Water Drops Effect

One of the effects that has always grabbed my attention in photoshop is water. I am going to show you a cool an quick water effect.

Step 1:First we need to create the water drops. Open up our usual 500 x 500 pixel canvas. Go to the channels palette and create a new alpha channel. Then apply Filter => Noise to the channel. Below are my settings.

Step 2:Now, We are going to blur that layer. So go to Filter => Blur => Gaussian Blur and use a radius of 3 - 4.

Step 3:Then go to Image => Adjustments => Threshold. Move the slider so you have an even distribution of white and black in the image. See my image below for a guide. Keep in mind that the white areas will be your water drops so adjust this according to how many drops you want.

This is my setting:

After Threshold setting your images looks like below.

Step 4:In this setup we are going to hit the image with another Gaussian Blur. This time use a setting around 6.5 - 7.5. Then apply the threshold adjustment to it again. You will see the water droplets starting to appear (the white parts) so adjust your threshold until you are happy with the amout and size of droplets. Then apply the Gaussian Blur filter one last time with a low setting of around 1.5. You should have something like this so far.

Step 5:Now since we have some jagged edges we are going to apply a levels adjustment. Go to Image => Adjustments => Levels or Press Ctrl + L to bring up the levels adjustment box. Drag both the left and right sliders in toward the center slider. Do this until you feel the jaggies are gone.

Step 6: OK, now we have our drops so the fun part starts. If you ever wanted a cow pattern then this would be the place to stop. First go back to your layers palette and create some text. A large thick font will work best here. Then duplicate the text layer and hide one of them (just in case we need to come back to it later). Select the duplicate and go to Layer => Rasterize => Type. We do this because we are going to need to distort the text soon and it needs to be rasterized first. Also, while you are in the layers palette, create a background so we can see the water droplets on it. Used a blue to purple gradient.

Step 7:Create a new layer above your text layer. Go back to your channels palette and Ctrl + click on the water drop alpha channel. This puts a selection around everything that is white. Then go back to your layers palette and fill the selection with white (Make sure your new layer above the text layer is active).

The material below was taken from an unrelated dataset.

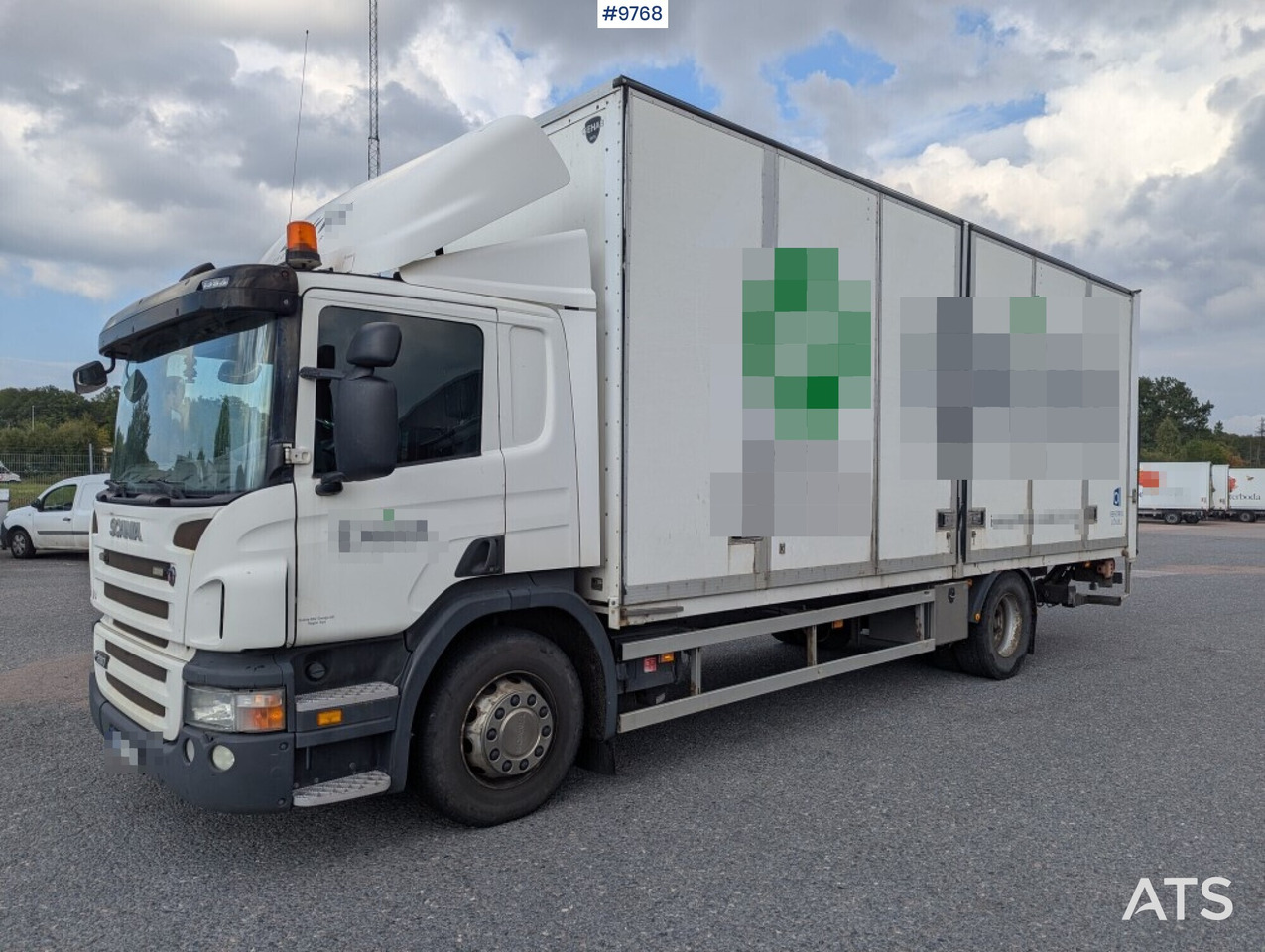 Box Truck Scania P280 4X2 with tail lift - Box truck: picture 1 Box Truck Scania P280 4X2 with tail lift - Box truck: picture 1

Your image should look pretty close to mine so far..

Step 8: Now, drop the fill opacity of the water drops layer down to around 30%. This is located in the top right of the layers palette (It says "Fill: 100%") if you have PS 7. If you're using version 6 it is tucked in the main screen of the layer styles dialog box. Also, change the blending mode of this layer to 'Soft Light'. Then, double click the water drops layer and add a Bevel and a contour layer style. Use the settings in the screenshots below.

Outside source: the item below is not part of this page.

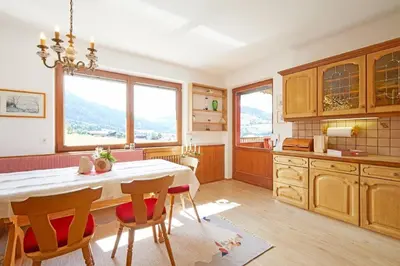 Küche/Küchenzeile in der Unterkunft Bettys Ferienwohnung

Step 9: Almost done. Now we just need to make it a little more lifelike. In real life, if the water drops where on top of something it would distort the view of what is below them. The text here is no exception. So make the text layer active and Ctrl+click on the water drops layer to bring up its selection. Again, make sure the text layer is active though - we only want to affect the areas of text that the water drops are on top of. Then go to Filter => Liquify (this is why we rasterized the text layer earlier). Selected the Warp tool which is the default, 64 for brush size, and 50 for Brush Pressure. Then just barely click on each area under the droplet and pushed it to the right quickly. We are just looking for a little distortion here so don't go crazy. This took me a few times to get it right so if you apply it and don't like it just undo and go back.